» **Try it**
Write out the records that follow exactly. Do not include pictures.

» **Available records**
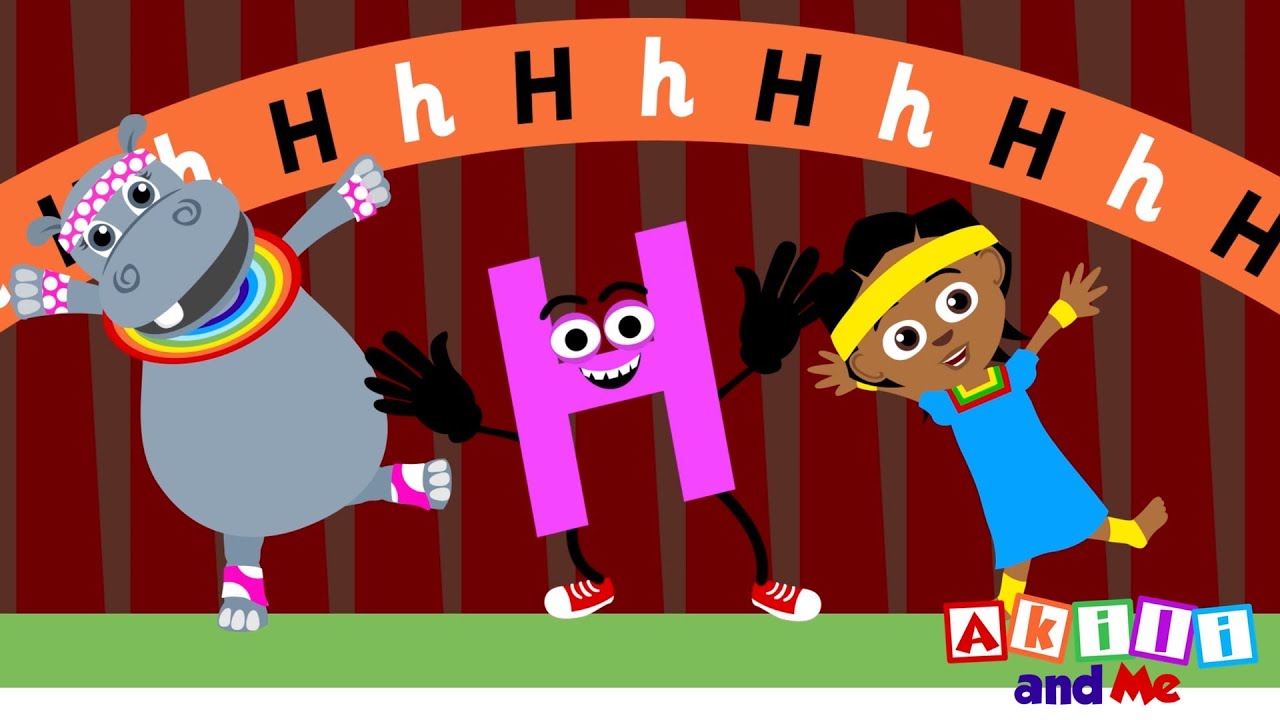 The Letter H Song | Educational phonics song from Akili and Me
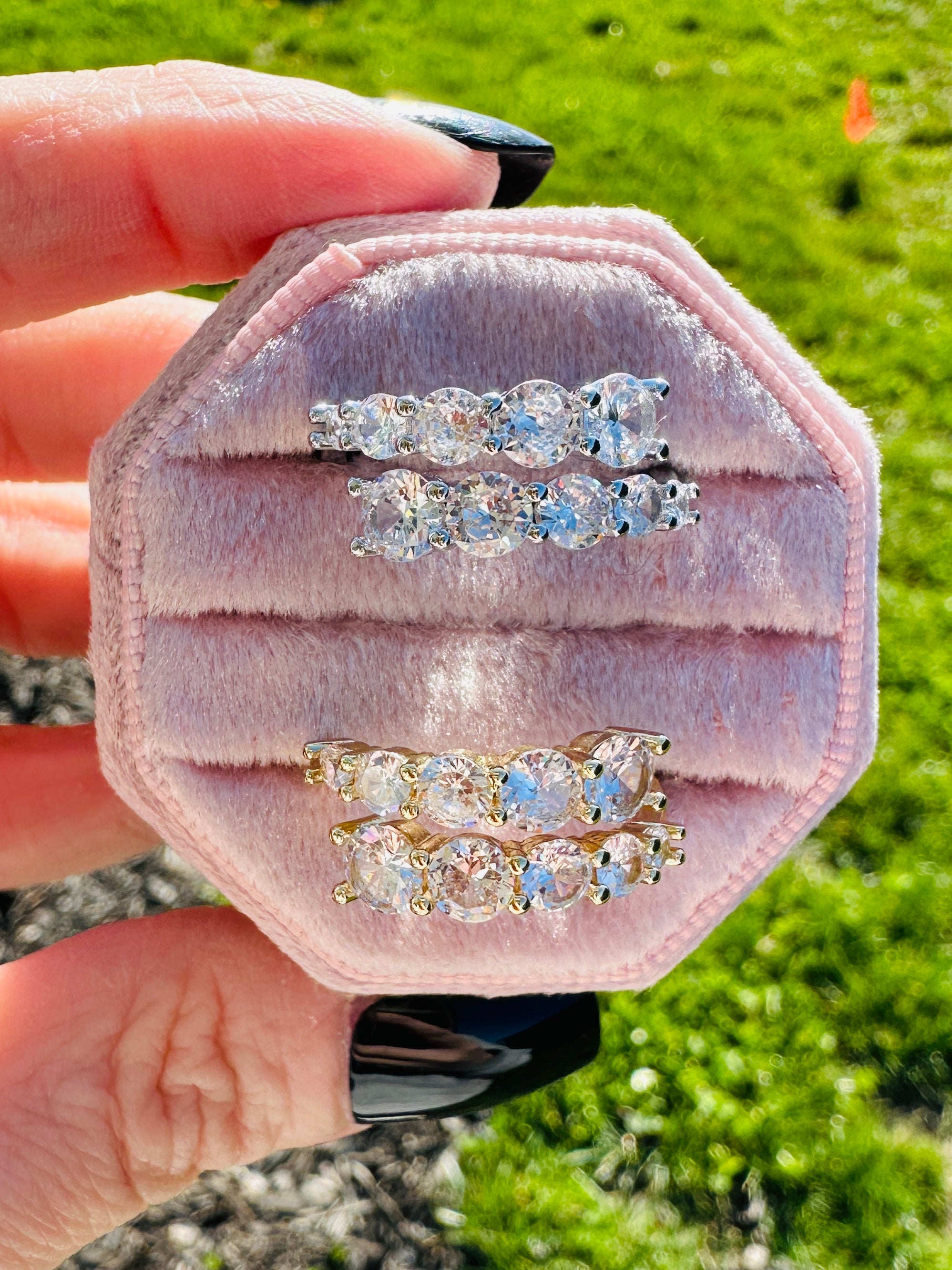 Marlowe Luxe Adjustable Wrap Ring- Silver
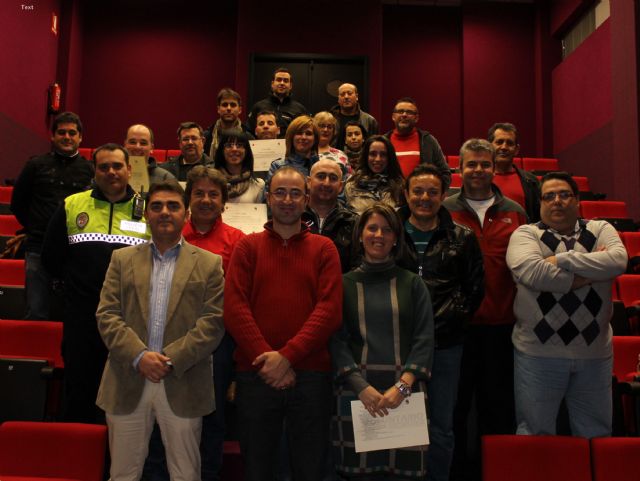 Los participantes del curso Voluntariado Deportivo reciben sus diplomas acreditativos - 2, Foto 2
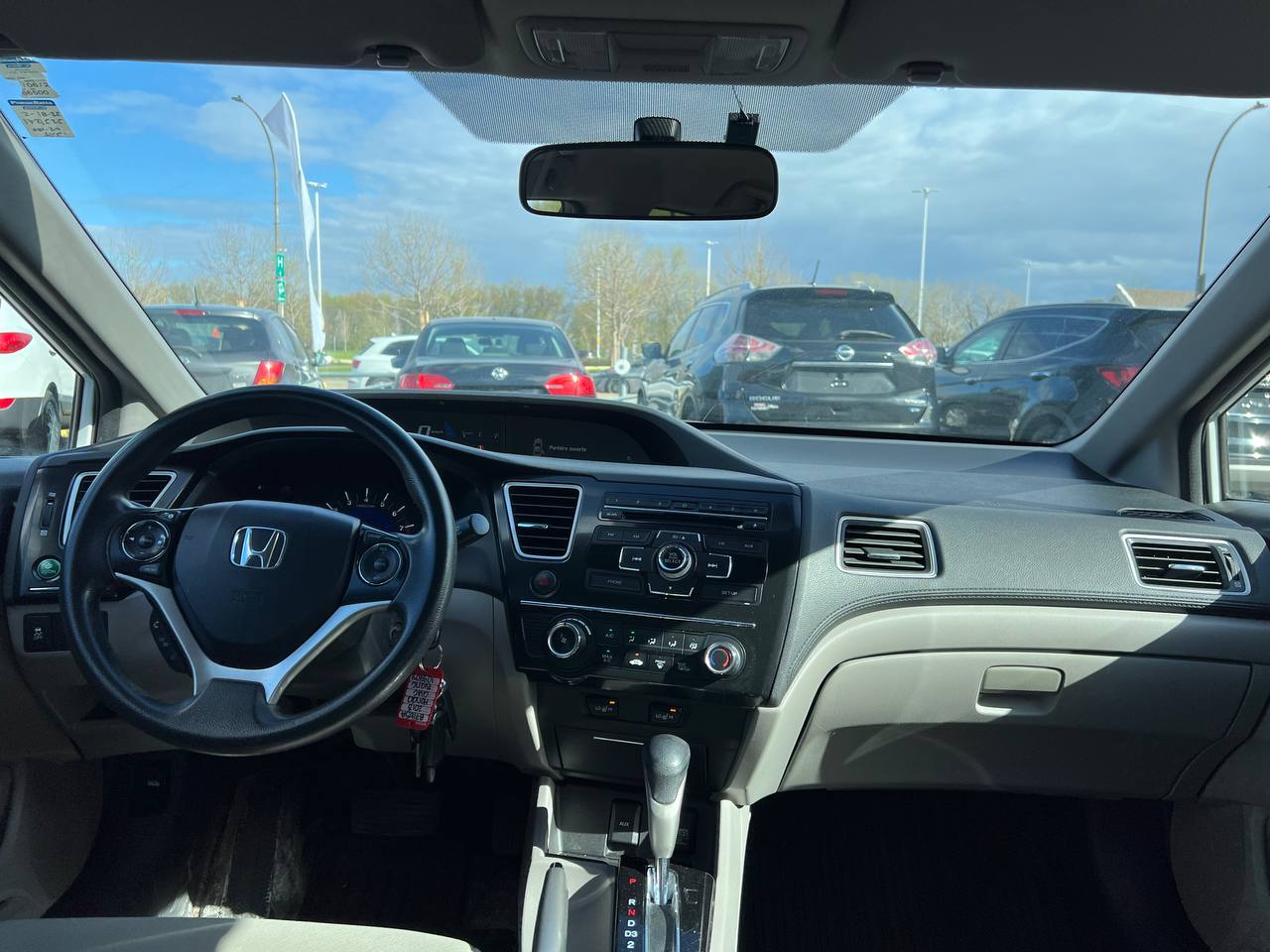 2013 Honda Civic LX **SIÈGES CHAUFFANTS**MODE ECO** Image principale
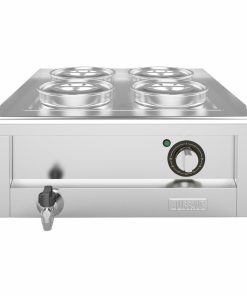 Buffalo 600 Series 4 Pot Bain Marie (FU291)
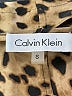 Calvin Klein Tan Sleeveless Button-Down Shirt Size S - photo 7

» **Completed exercise**
 The Letter H Song | Educational phonics song from Akili and Me
 Marlowe Luxe Adjustable Wrap Ring- Silver
 Los participantes del curso Voluntariado Deportivo reciben sus diplomas acreditativos - 2, Foto 2
 2013 Honda Civic LX **SIÈGES CHAUFFANTS**MODE ECO** Image principale
 Buffalo 600 Series 4 Pot Bain Marie (FU291)
 Calvin Klein Tan Sleeveless Button-Down Shirt Size S - photo 7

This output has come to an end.